*Problem description*.
Copy, word for word, the lines of the listing below from the line with "Hanglamp zwart incl." up to and including the line with "Coach Red Plaid". Drop the pictures.

*Given data*.
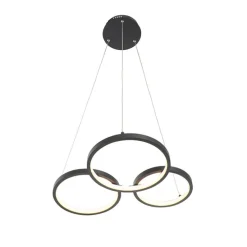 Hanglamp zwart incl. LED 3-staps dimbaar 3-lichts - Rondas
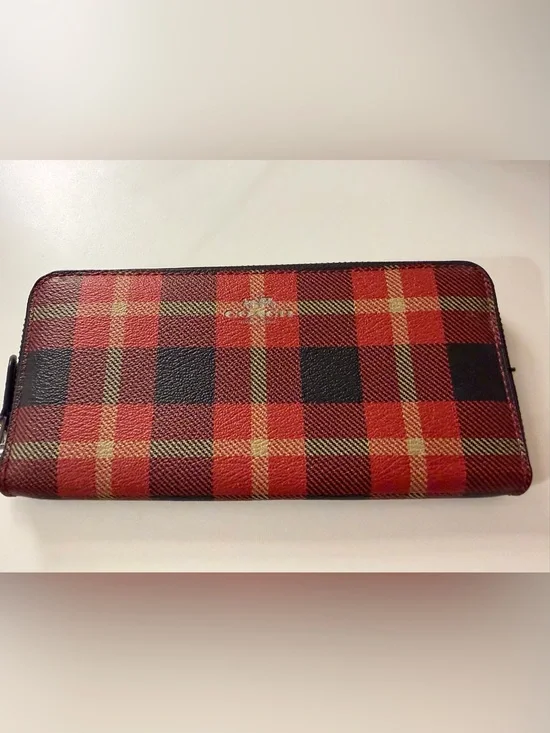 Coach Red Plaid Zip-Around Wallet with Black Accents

---

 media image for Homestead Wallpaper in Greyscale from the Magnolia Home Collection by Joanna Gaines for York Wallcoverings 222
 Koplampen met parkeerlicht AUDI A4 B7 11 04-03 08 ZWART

*Solution to the exercise*.
 Hanglamp zwart incl. LED 3-staps dimbaar 3-lichts - Rondas
 Coach Red Plaid Zip-Around Wallet with Black Accents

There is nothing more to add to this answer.